» **WHAT YOU HAVE TO DO**:
Copy exactly the lines of the data below that run from the line holding "Colour swirls on a black profile of face" through the line holding "Pakistani Teal Eyelet", both ends included.

» **SOURCE RECORDS**:
--------------------

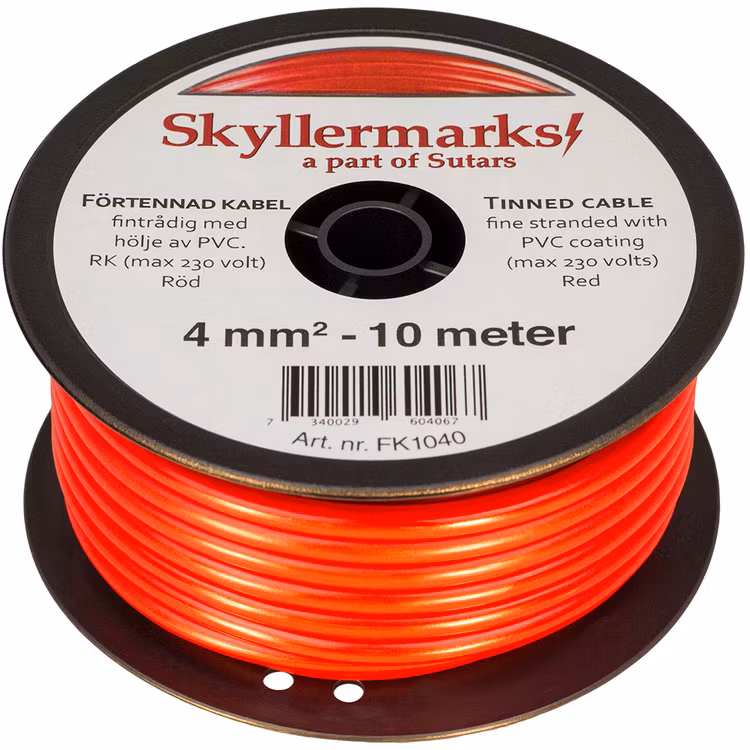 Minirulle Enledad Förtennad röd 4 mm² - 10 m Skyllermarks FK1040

--------------------

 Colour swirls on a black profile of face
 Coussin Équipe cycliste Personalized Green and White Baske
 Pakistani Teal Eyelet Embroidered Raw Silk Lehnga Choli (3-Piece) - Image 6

--------------------

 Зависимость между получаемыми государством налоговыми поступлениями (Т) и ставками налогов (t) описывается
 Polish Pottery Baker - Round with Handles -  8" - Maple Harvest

--------------------

» **RESPONSE TO THIS EXERCISE**:
 Colour swirls on a black profile of face
 Coussin Équipe cycliste Personalized Green and White Baske
 Pakistani Teal Eyelet Embroidered Raw Silk Lehnga Choli (3-Piece) - Image 6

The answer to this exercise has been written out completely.